Friends remember Don Coryell with laughter, tears
By JAMES R. RIFFEL
City News ServiceFormer San Diego State and Chargers football coach Don Coryell was memorialized Monday for his competitiveness and respect for his players during a moving and often humorous service on the SDSU campus.
Coryell, the only head coach to have won 100 games in both college and professional football, died of pneumonia at the age of 85 on July 1 at Grossmont Hospital in La Mesa.
Coryell is credited with helping to revolutionize football’s passing game, nicknamed “Air Coryell,” and developed the now-common I-formation while an assistant at USC.
“Don had the greatest passion I ever witnessed for football,” said Joe Gibbs, who played and coached for Coryell at SDSU before becoming a Hall of Fame coach with the Washington Redskins. “As a player, you knew it was real.”
John Madden, an assistant under Coryell at San Diego State before moving to the Oakland Raiders, called him “a genius.”
“Every genius has amazing concentration powers, and Don had some amazing concentration powers,” Madden said at a service that attracted about 3,000 former players, coaching colleagues and fans to Viejas Arena.
Coryell would occasionally drive to work not realizing his then-4-year-old daughter was in the car because he was focused on the next game, and would have to apologetically call his wife, Aliisa, to come pick her up, Madden said. A few days later, he would do it again.
Worse yet, according to Madden, Coryell would put a full garbage can in his vehicle and drive it down the long driveway of his Mount Helix-area home to the street on trash pickup day — and often would forget that, too. By the end of the day, the stench in the car was horrible, he said.
That focus helped him turn around moribund teams at SDSU, and in the NFL with the St. Louis Cardinals and Chargers.
San Diego County Supervisor Ron Roberts, a student when Coryell became coach, said “the impact was immediate.”
“He changed the school in a significant way, he changed San Diego in a significant way, and he changed football in a significant way,” Roberts said.
The Board of Supervisors declared Monday “Don Coryell Day” in the county, he said.
While Coryell is a 1999 inductee in the College Football Hall of Fame, many speakers noted he was overlooked for the professional equivalent in Canton, Ohio.
Madden tearfully recounted how he sat next to Gibbs and former Chargers quarterback Dan Fouts and realized that the the three of them were enshrined but “there’s someone missing.”
Fouts expressed confidence Coryell will make the Hall of Fame in the future.
“Wouldn’t it be great to take this kind of a celebration, this kind of feeling, and take it to Canton?” Fouts asked rhetorically.
Coryell was 72-60 with the Chargers and 104-19-2 at SDSU.

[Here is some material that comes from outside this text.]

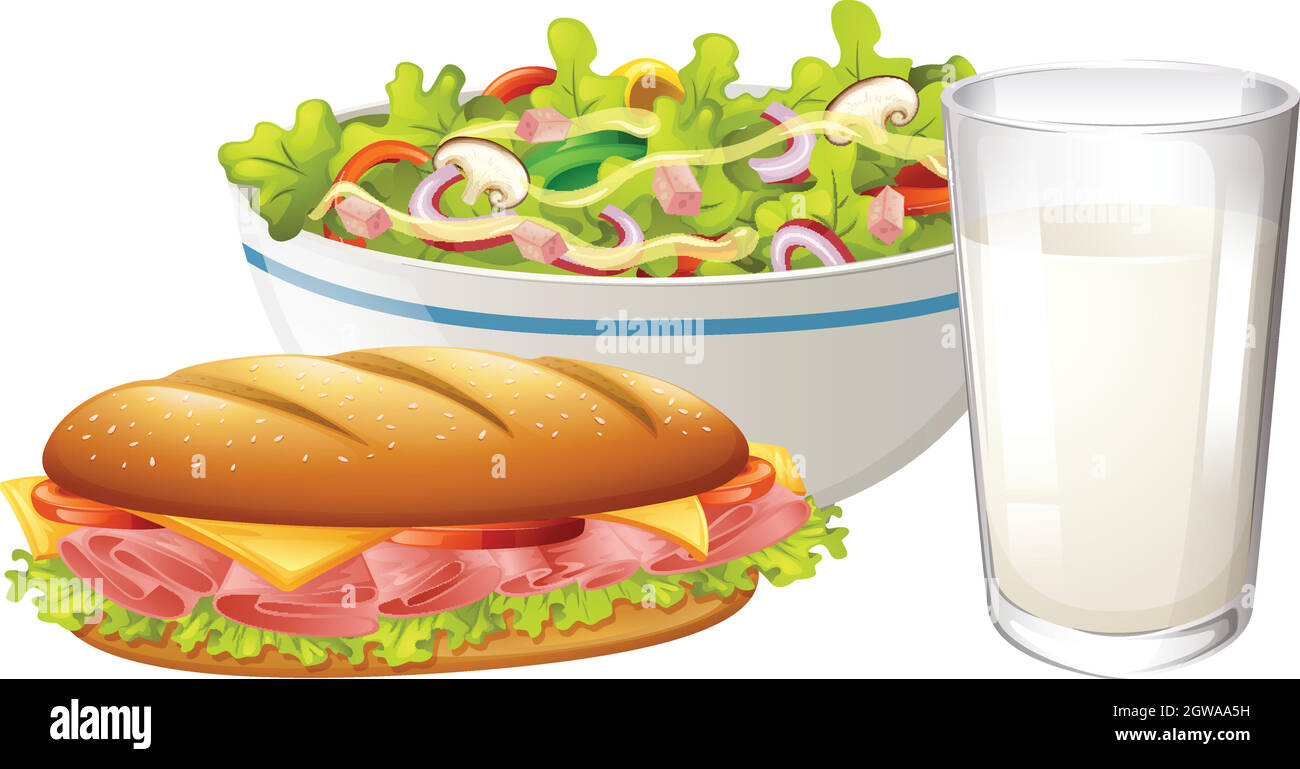 Set menu with sandwich and salad Stock Vector Image & Art Alamy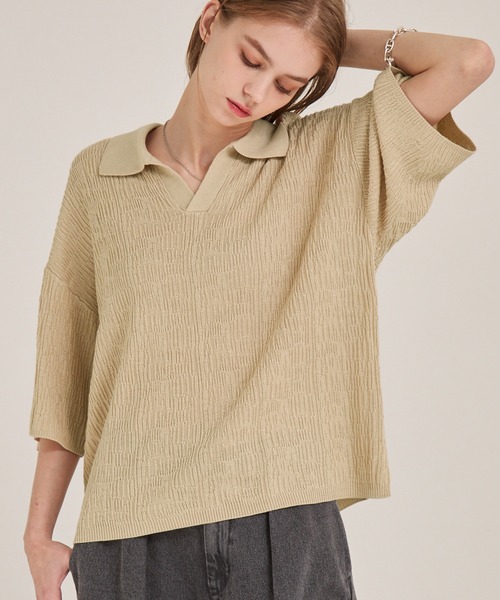 EMMA CLOTHES(エマクローズ)の「ジャガードスキッパールーズニット半袖ポロシャツ EMMA CLOTHES(ポロシャツ・メンズ・ブラック/アイボリー/カーキ/ダークブラウン/テラコッタ/マスタード/ブルー/ワイン/チャコールグレー/ライトパープル/ライトグレー/ブラウン/グレイッシュブルー/ライトブラウン/ブルー系・M/L/S)」の17枚目の写真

Son Mike Coryell said his father succeeded, despite being dyslexic, at a time the condition was not well understood, and became a leader during World War II as one of the original members of the Army’s 10th Mountain Division and a paratrooper. His leadership and teaching skills were so valued by the Army that he never deployed, always held back to train the next group of soldiers, he said.
At a reception before the service, Madden said it was Coryell who taught him how to be a head coach.
“He had more respect for his players than anyone,” Madden said.
Speakers at the service included Coryell’s son-in-law, Mike Lewis, granddaughter Loni Lewis, former St. Louis Cardinals and Atlanta Falcons head coach Jim Hanifan, and former Aztecs and Los Angeles Rams defensive end-turned-actor Fred Dryer, who brought down the house with his tale of surviving being driven to campus from the airport by an inattentive Coryell during a recruiting visit.
Coryell removed himself from football entirely after the 1986 season and retired to San Juan Island in Puget Sound, near where he grew up. He returned to San Diego two years ago to be with his family after the death of his wife, and spent much of the past year in a hospital.